_Exercise objective_
Across the whole listing, return each line exactly, with no images included.

_Input data_
*** Block opens ***

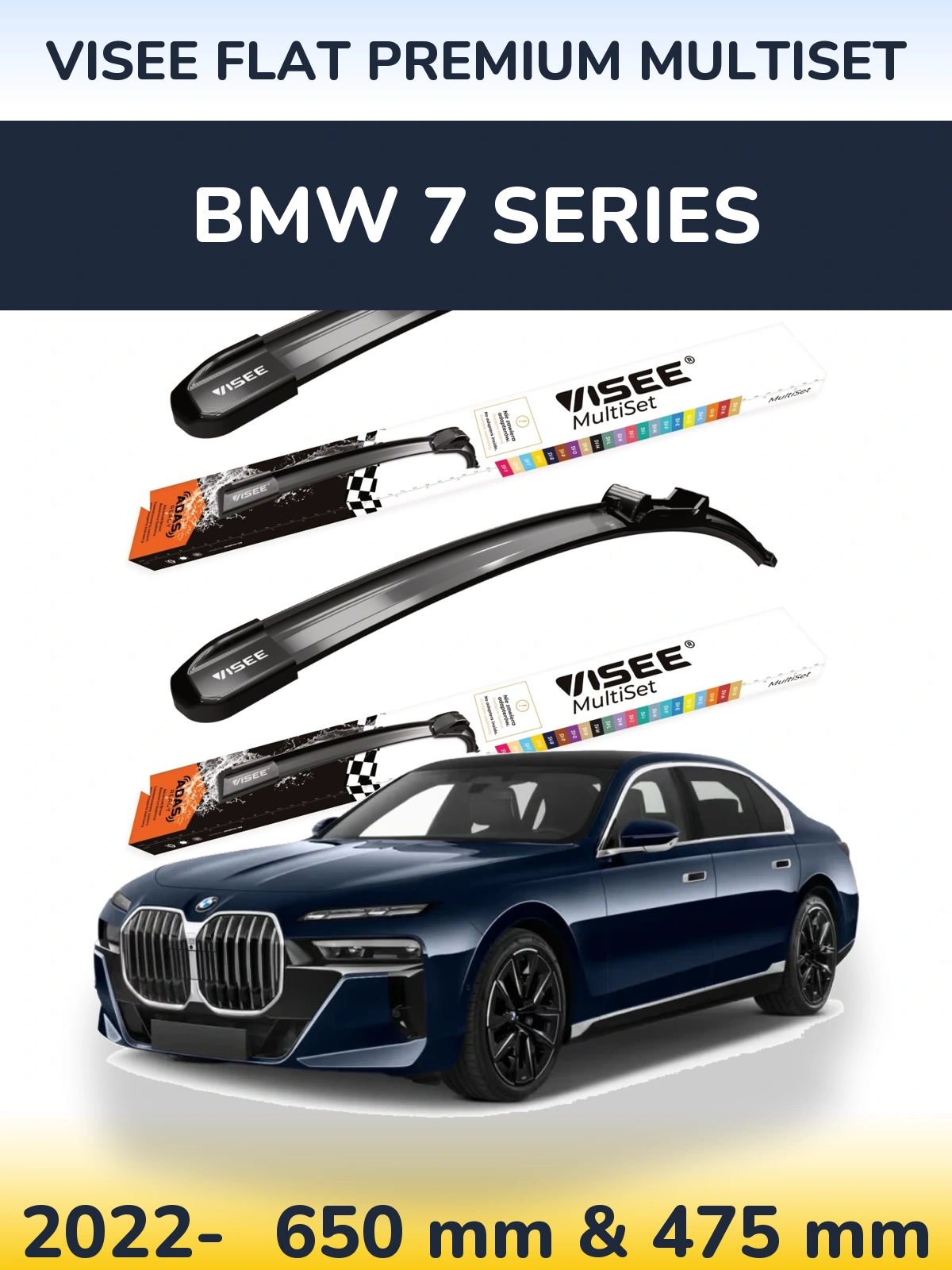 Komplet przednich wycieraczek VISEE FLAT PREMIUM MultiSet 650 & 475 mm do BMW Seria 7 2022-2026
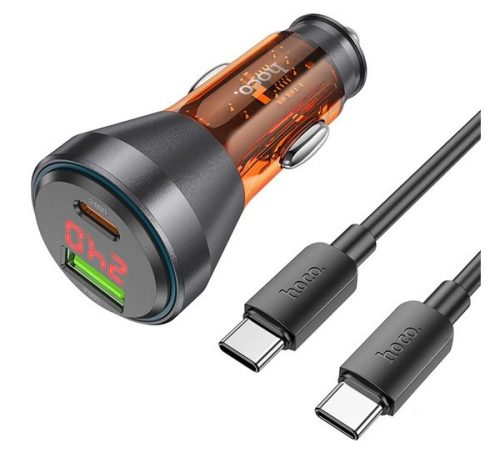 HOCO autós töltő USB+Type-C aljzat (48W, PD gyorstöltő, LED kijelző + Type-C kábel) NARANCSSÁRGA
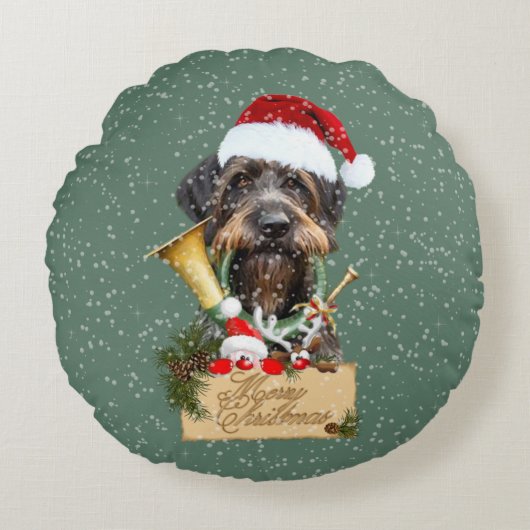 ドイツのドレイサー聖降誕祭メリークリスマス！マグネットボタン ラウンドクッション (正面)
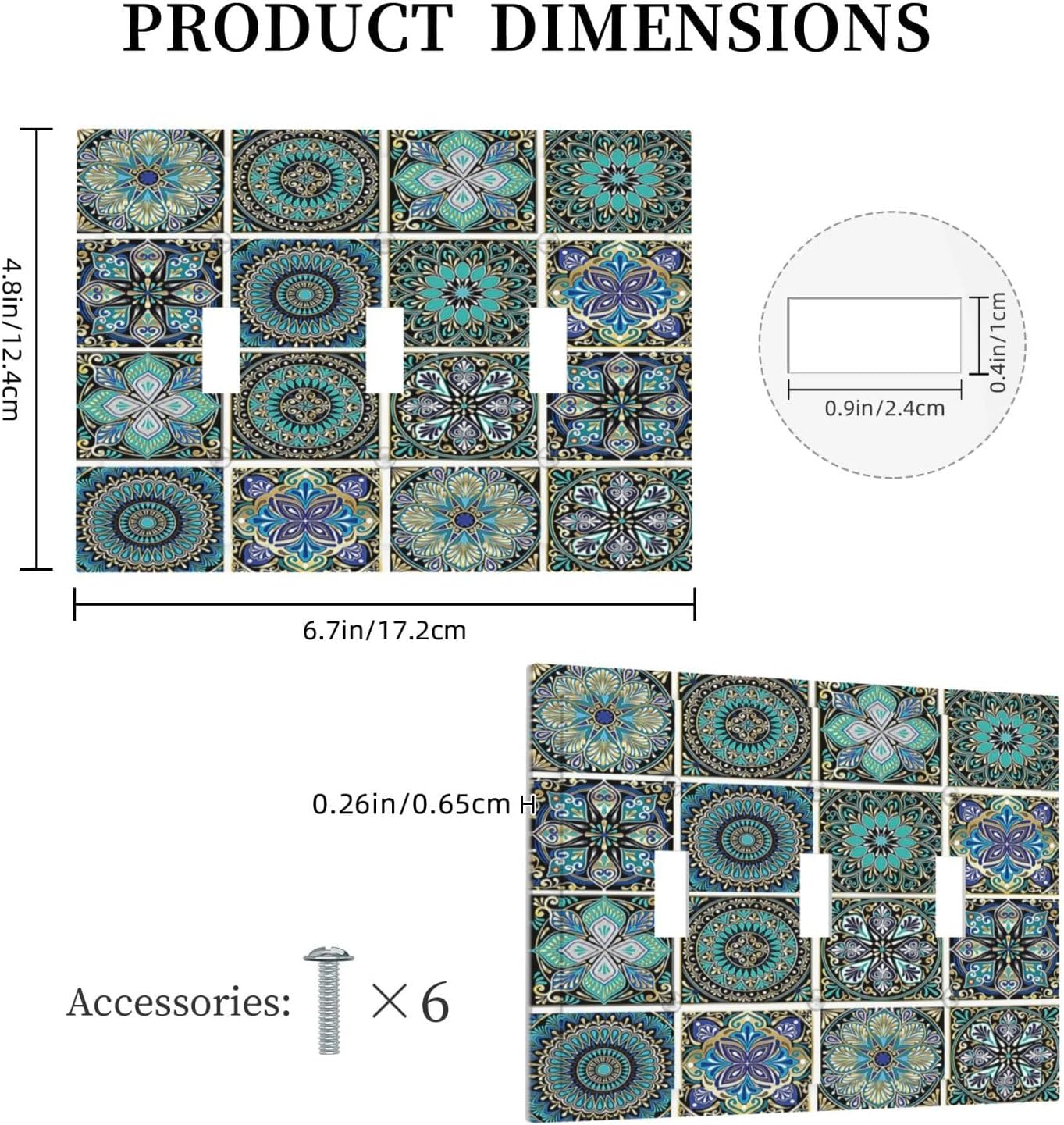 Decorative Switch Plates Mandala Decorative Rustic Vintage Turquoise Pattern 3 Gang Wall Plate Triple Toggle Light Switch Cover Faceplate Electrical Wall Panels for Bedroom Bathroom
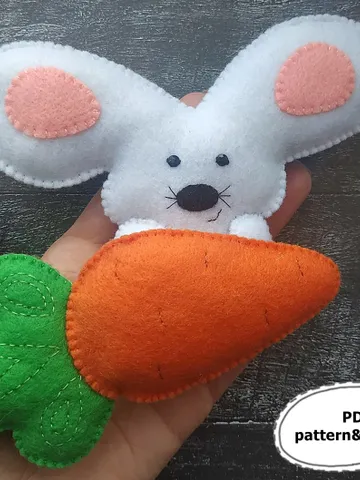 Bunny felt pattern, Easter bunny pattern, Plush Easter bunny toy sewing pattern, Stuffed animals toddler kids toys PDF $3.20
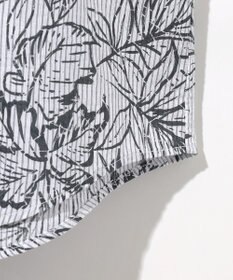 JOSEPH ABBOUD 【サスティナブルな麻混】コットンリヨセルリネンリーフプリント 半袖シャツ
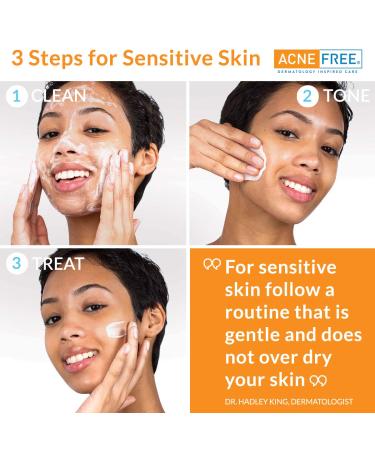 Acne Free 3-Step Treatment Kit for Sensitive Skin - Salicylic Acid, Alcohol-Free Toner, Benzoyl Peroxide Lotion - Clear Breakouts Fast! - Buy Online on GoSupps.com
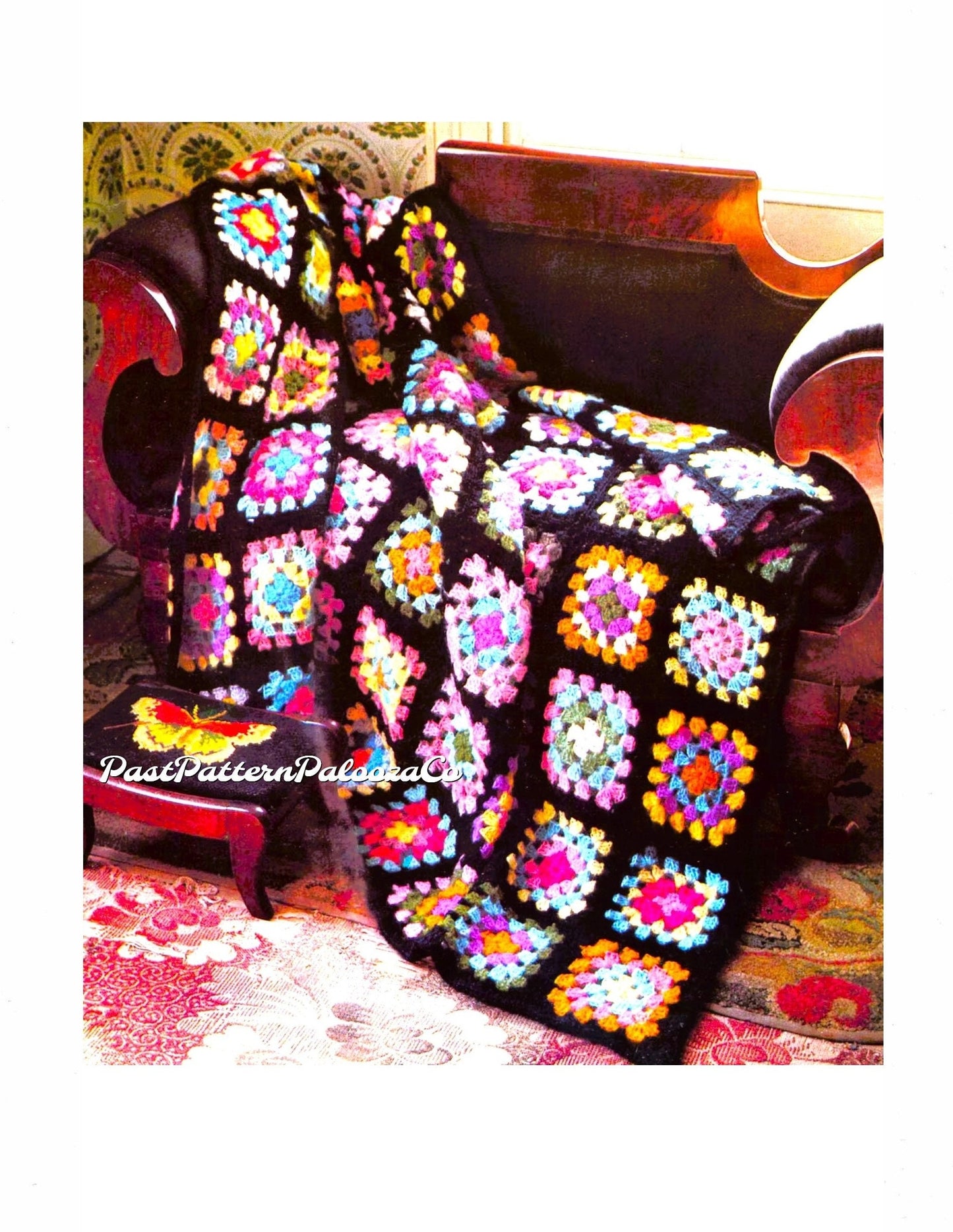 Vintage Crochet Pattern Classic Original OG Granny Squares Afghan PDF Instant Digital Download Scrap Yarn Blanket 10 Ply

*** Block closes ***

_Written reply_
 Komplet przednich wycieraczek VISEE FLAT PREMIUM MultiSet 650 & 475 mm do BMW Seria 7 2022-2026
 HOCO autós töltő USB+Type-C aljzat (48W, PD gyorstöltő, LED kijelző + Type-C kábel) NARANCSSÁRGA
 ドイツのドレイサー聖降誕祭メリークリスマス！マグネットボタン ラウンドクッション (正面)
 Decorative Switch Plates Mandala Decorative Rustic Vintage Turquoise Pattern 3 Gang Wall Plate Triple Toggle Light Switch Cover Faceplate Electrical Wall Panels for Bedroom Bathroom
 Bunny felt pattern, Easter bunny pattern, Plush Easter bunny toy sewing pattern, Stuffed animals toddler kids toys PDF $3.20
 JOSEPH ABBOUD 【サスティナブルな麻混】コットンリヨセルリネンリーフプリント 半袖シャツ
 Acne Free 3-Step Treatment Kit for Sensitive Skin - Salicylic Acid, Alcohol-Free Toner, Benzoyl Peroxide Lotion - Clear Breakouts Fast! - Buy Online on GoSupps.com
 Vintage Crochet Pattern Classic Original OG Granny Squares Afghan PDF Instant Digital Download Scrap Yarn Blanket 10 Ply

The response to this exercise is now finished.